What you need to do - Using the listing below, retype only the lines from the line with "巅峰对决,葡萄牙超级,联赛,足彩,体彩,彩票,体育彩票,足球彩票,彩票合买,大发彩票" through the end, both ends included, and exclude the pictures.

Given information -

:::::

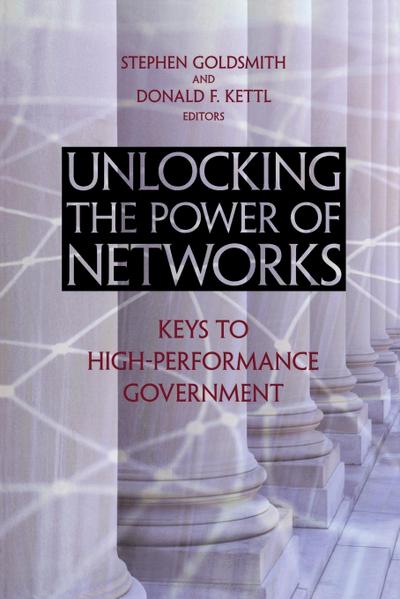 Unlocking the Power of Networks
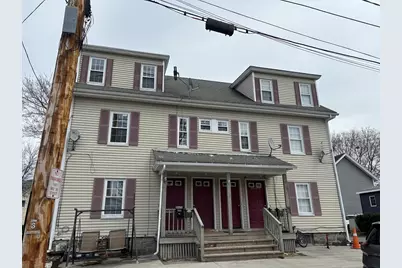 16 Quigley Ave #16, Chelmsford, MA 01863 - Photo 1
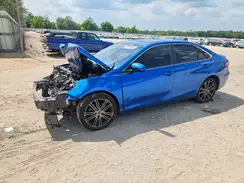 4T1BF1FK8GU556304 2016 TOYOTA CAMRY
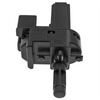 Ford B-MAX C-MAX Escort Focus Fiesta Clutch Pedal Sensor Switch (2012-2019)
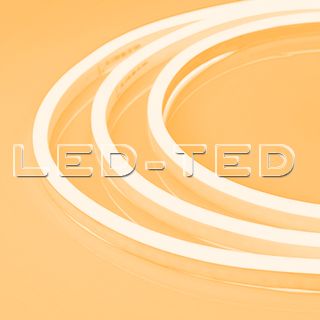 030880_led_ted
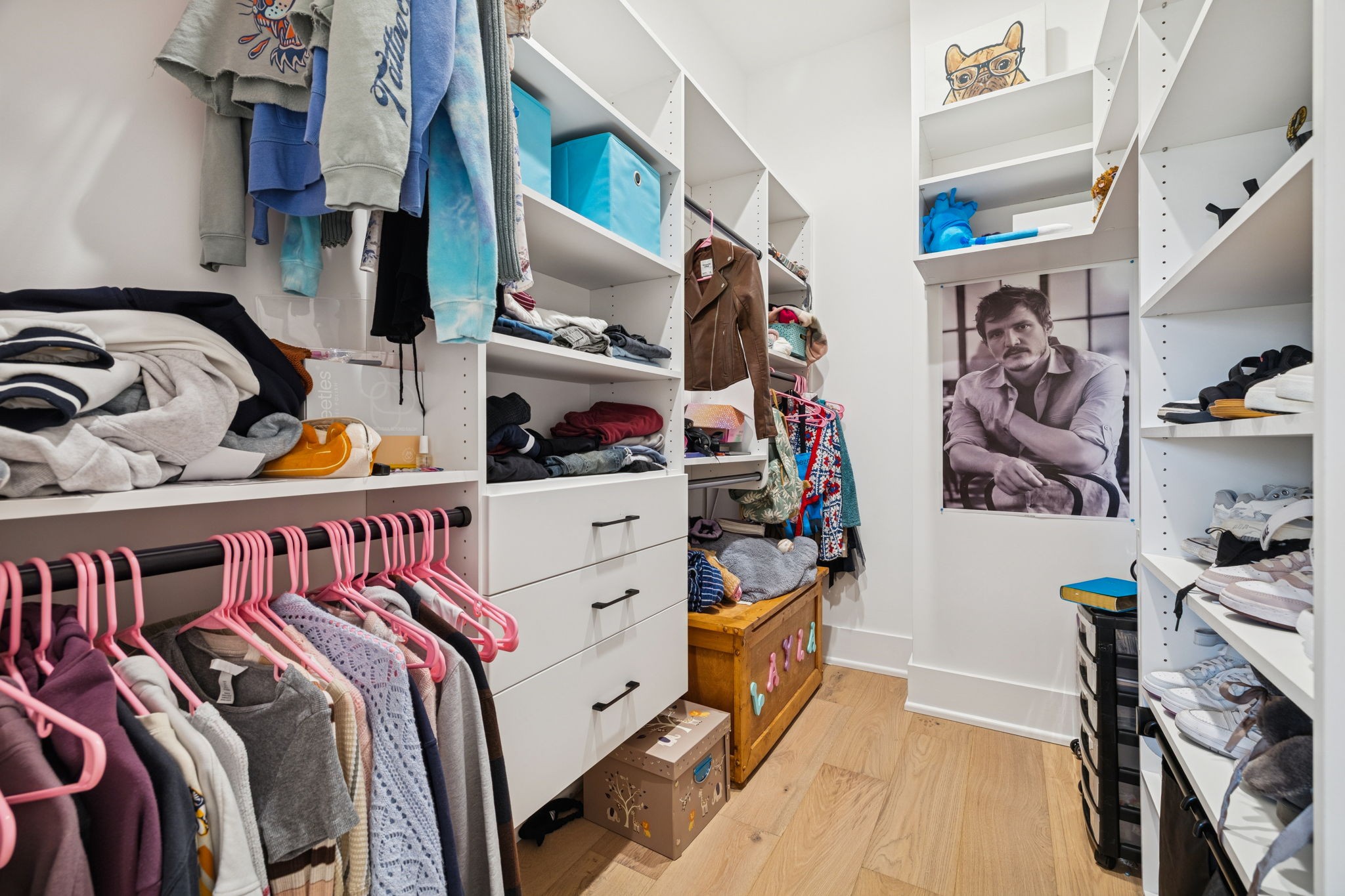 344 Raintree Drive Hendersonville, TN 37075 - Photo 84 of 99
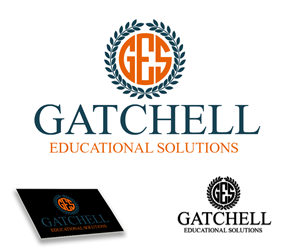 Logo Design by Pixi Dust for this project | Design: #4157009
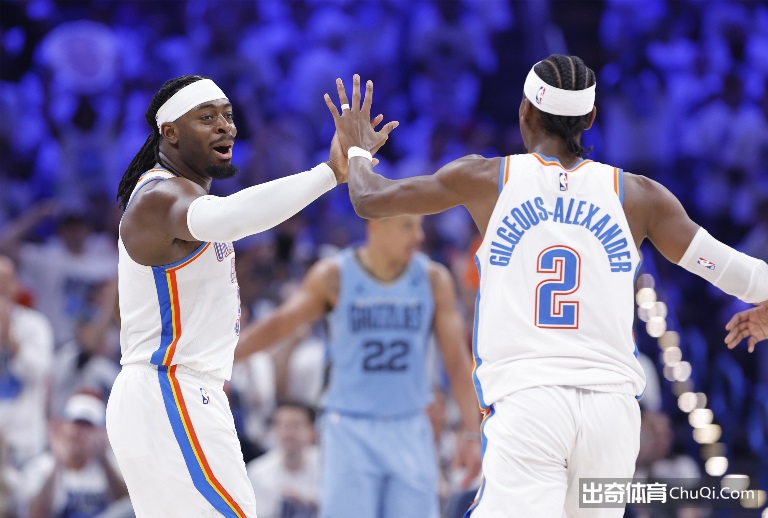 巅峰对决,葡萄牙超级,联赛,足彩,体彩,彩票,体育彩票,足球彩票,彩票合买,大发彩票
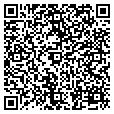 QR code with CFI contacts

:::::

Exercise output -
 巅峰对决,葡萄牙超级,联赛,足彩,体彩,彩票,体育彩票,足球彩票,彩票合买,大发彩票
 QR code with CFI contacts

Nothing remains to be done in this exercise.